A. Streitpunkte sind, ob Wertberichtigungen
auf Darlehensforderungen der Klägerin und
Revisionsklägerin (Klägerin) als verdeckte
Gewinnausschüttungen (vGA) zu behandeln sind und ob im Rahmen
der Ersetzung einer nichtigen durch eine wirksame Handelsbilanz ein
auf der Grundlage der ursprünglichen Bilanz ausgeübtes
steuerbilanzielles Wahlrecht nunmehr abweichend ausgeübt
werden kann.
Die Klägerin, eine GmbH, ist seit
August 2003 Rechtsnachfolgerin der 1990 gegründeten X-GmbH,
die in den Streitjahren (1995 bis 1999) im Bereich der Entsorgung
von Bau- und Industrieabfällen tätig war. Gesellschafter
der X-GmbH waren zunächst A mit einem Anteil von 30 %, B mit
35 %, C mit 25 % und D mit 10 %. Nachdem der Gesellschaftsanteil
des C im Jahr 1996 eingezogen worden war, änderte sich die
Beteiligungsquote des A auf 40 %, die des B auf 46,7 % und die des
D auf 13,3 %. Geschäftsführer der X-GmbH waren in den
Streitjahren A und B. A, B und C waren außerdem mit
Beteiligungsquoten von jeweils 25 % Gesellschafter der 1991
gegründeten Y-GmbH; A und B waren bis April 1998
Geschäftsführer auch der Y-GmbH.
Die X-GmbH gewährte der Y-GmbH seit
1992 fortlaufend Kredite, für die teilweise weder Laufzeiten
noch Rückzahlungsmodalitäten vereinbart waren; von 1995
bis 1997 übernahm die X-GmbH auch laufende Verbindlichkeiten
der Y-GmbH. An Kreditzinsen berechnete die X-GmbH der Y-GmbH 8 %
p.a., auch soweit ein Zinssatz von 10 % p.a. vereinbart war.

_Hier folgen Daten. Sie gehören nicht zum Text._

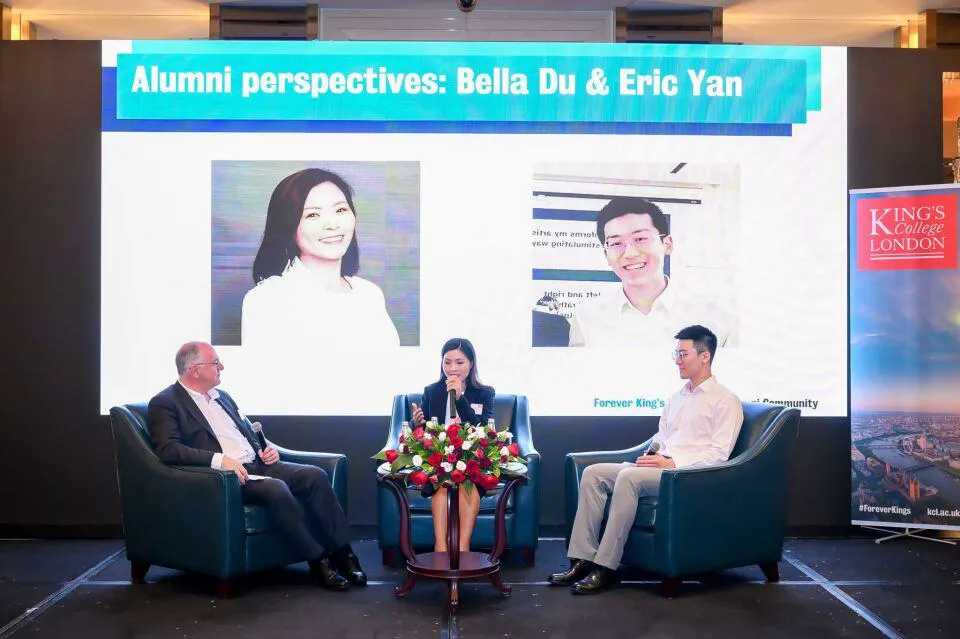Kerry Brown, Bella Du and Eric Yan hold a conversation on a stage in front of a large screen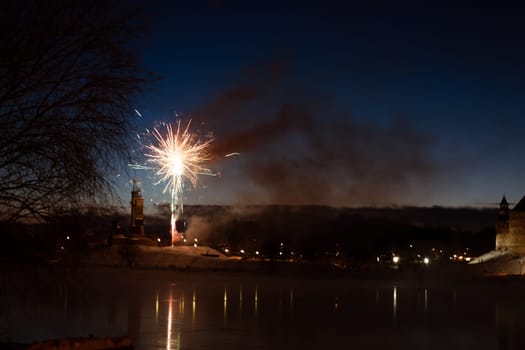 fireworks in the night sky against the backdrop of the city landscape. The sky is hazy, and the lights are reflected in the water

Ein im
September 1998 gestellter Antrag auf Eröffnung des
Gesamtvollstreckungsverfahrens über das Vermögen der
Y-GmbH wurde im April 1999 mangels Masse abgelehnt. In ihren
Bilanzen auf den 31.12.1995 und auf den 31.12.1998 nahm die X-GmbH
in Höhe der zu diesen Zeitpunkten offenen Darlehensforderungen
Teilwertabschreibungen (1995: 280.000 DM; 1998: 198.767 DM)
vor.
Im Rahmen einer Außenprüfung
reichte die X-GmbH Ende 2000/Anfang 2001 beim Beklagten und
Revisionsbeklagten (Finanzamt - FA - ) neue Jahresabschlüsse
betreffend die Streitjahre 1995 bis 1998 ein, weil die
ursprünglich mit den Steuererklärungen vorgelegten
Jahresabschlüsse mangels nach § 316 des
Handelsgesetzbuchs (HGB) erforderlicher Abschlussprüfungen
nichtig gewesen seien. In den neu vorgelegten Bilanzen machte sie
Sonderabschreibungen nach dem Gesetz über Sonderabschreibungen
und Abzugsbeträge im Fördergebiet
(Fördergebietsgesetz - FördG - ), die in den
ursprünglichen Bilanzen berücksichtigt waren, nicht mehr
geltend. Das FA legte der ertragsteuerlichen Behandlung der
Streitjahre die ursprünglich eingereichten Bilanzen zu Grunde;
außerdem rechnete es dem Gewinn der Klägerin für
1995 und 1998 die abgeschriebenen Darlehensforderungen gegen die
Y-GmbH als vGA hinzu.
Die hiergegen gerichtete Klage hat das
Sächsische Finanzgericht (FG) mit Urteil vom 19.12.2006 2 K
1763/03 abgewiesen.
Gegen das FG-Urteil richtet sich die
Revision der Klägerin, die auf die Verletzung materiellen
Rechts gestützt wird.
Die Klägerin beantragt, das FG-Urteil
aufzuheben und die angefochtenen Bescheide dahin zu ändern,
dass
1.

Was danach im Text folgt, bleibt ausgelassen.